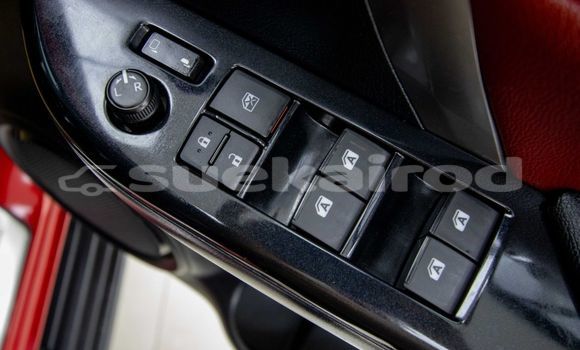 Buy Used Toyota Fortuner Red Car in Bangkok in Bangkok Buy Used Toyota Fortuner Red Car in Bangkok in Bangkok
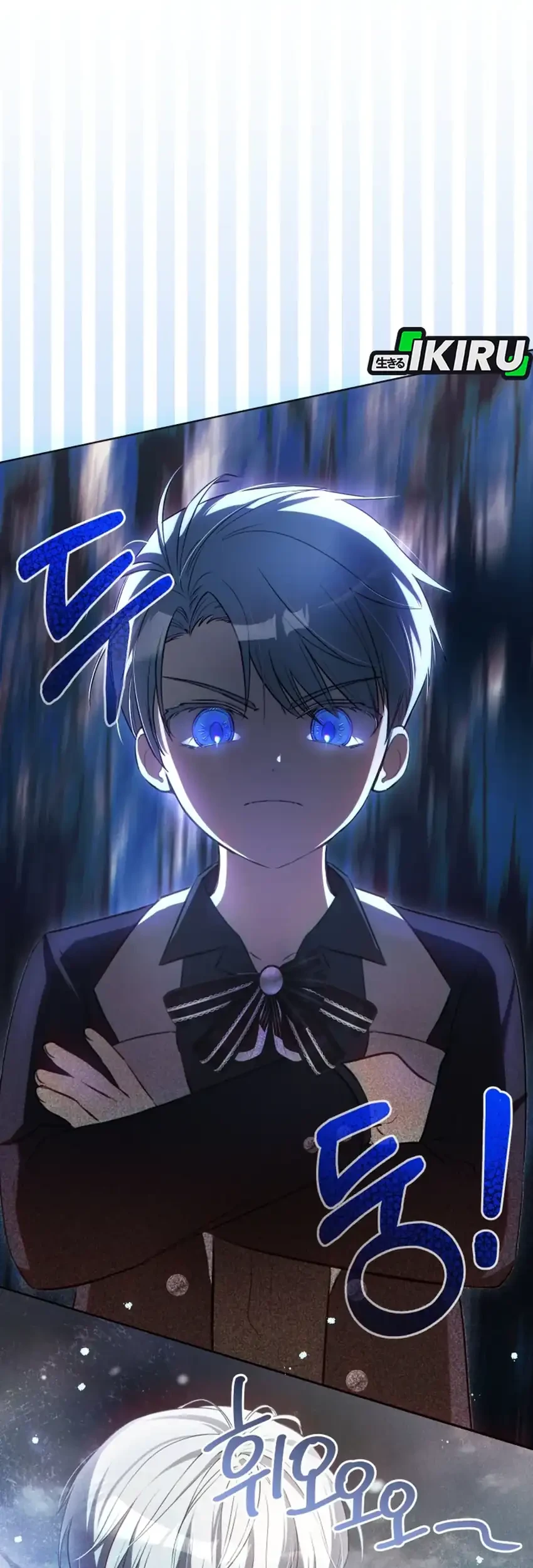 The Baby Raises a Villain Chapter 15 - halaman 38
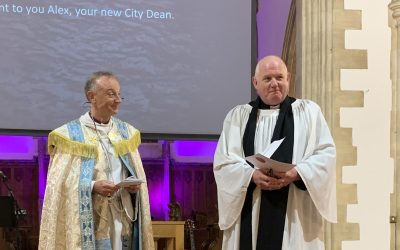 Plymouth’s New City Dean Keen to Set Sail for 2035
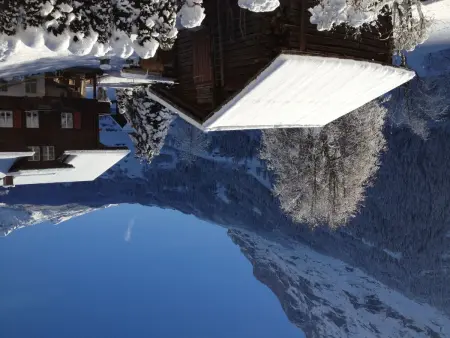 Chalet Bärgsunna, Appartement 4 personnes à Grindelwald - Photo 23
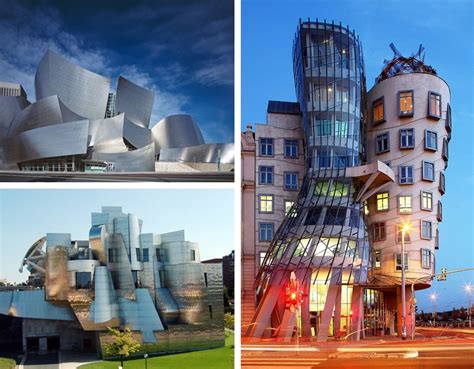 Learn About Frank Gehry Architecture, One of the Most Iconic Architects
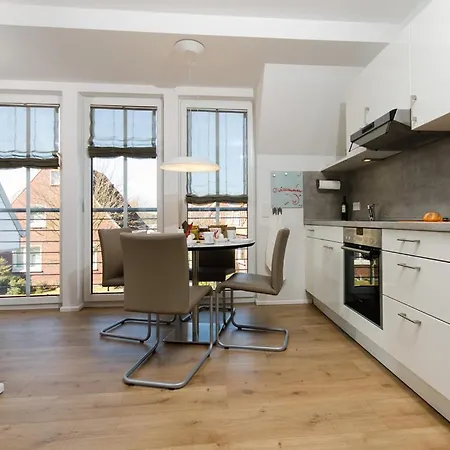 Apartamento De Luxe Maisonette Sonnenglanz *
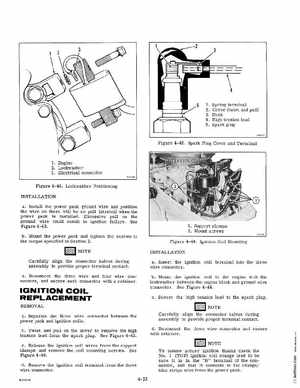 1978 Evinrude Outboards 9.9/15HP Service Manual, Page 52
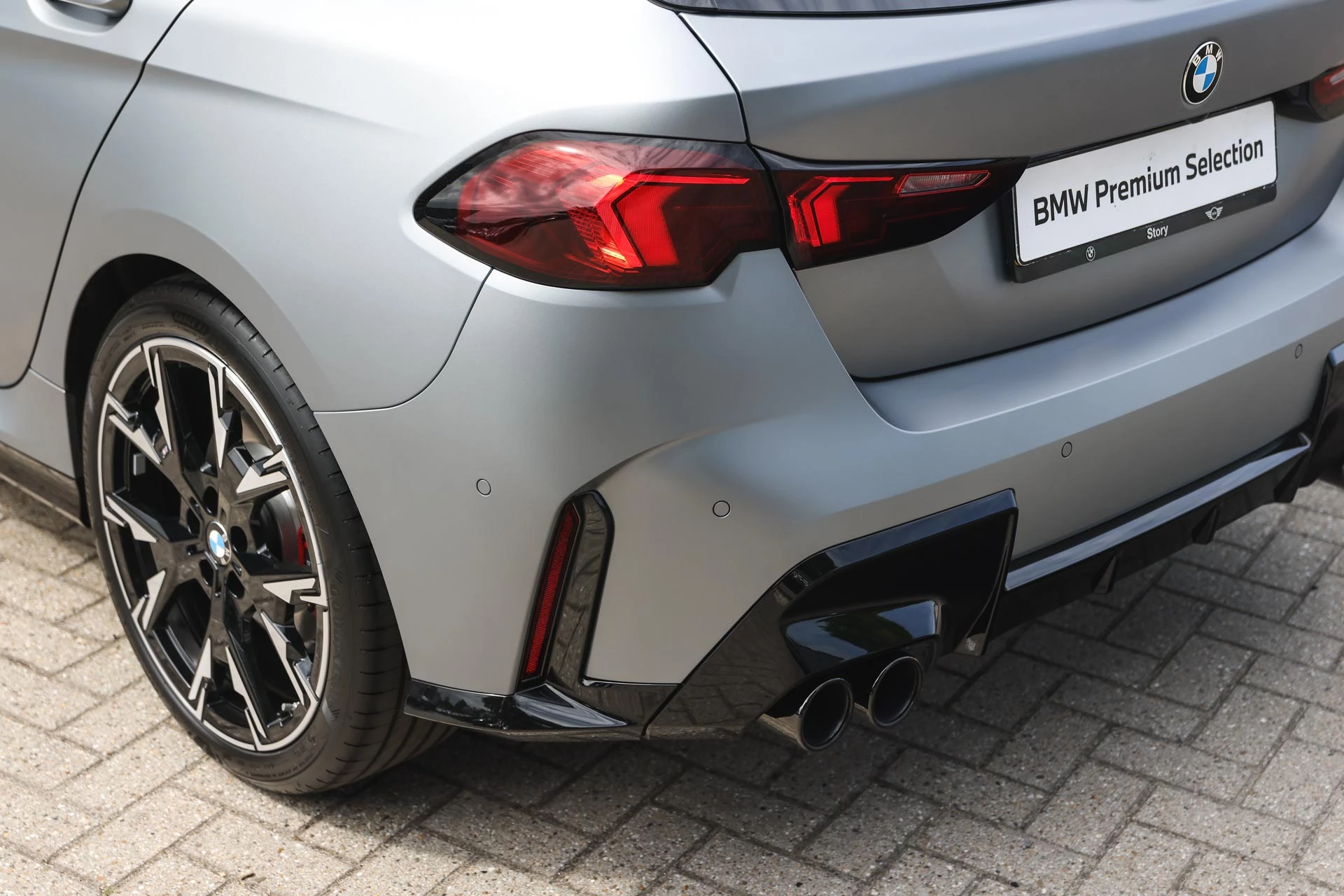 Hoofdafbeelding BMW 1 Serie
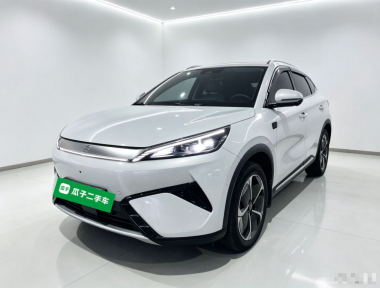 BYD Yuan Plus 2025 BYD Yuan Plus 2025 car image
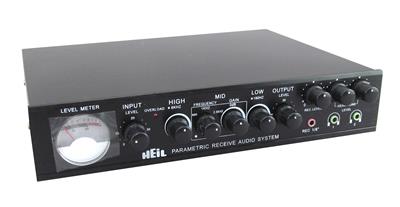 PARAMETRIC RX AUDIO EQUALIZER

-- -- --

Goal of the exercise: Write out again the lines from the one with "Plymouth’s New City" through the end of the records exactly, without any of the pictures.

Task result:
 Plymouth’s New City Dean Keen to Set Sail for 2035
 Chalet Bärgsunna, Appartement 4 personnes à Grindelwald - Photo 23
 Learn About Frank Gehry Architecture, One of the Most Iconic Architects
 Apartamento De Luxe Maisonette Sonnenglanz *
 1978 Evinrude Outboards 9.9/15HP Service Manual, Page 52
 Hoofdafbeelding BMW 1 Serie
 BYD Yuan Plus 2025 BYD Yuan Plus 2025 car image
 PARAMETRIC RX AUDIO EQUALIZER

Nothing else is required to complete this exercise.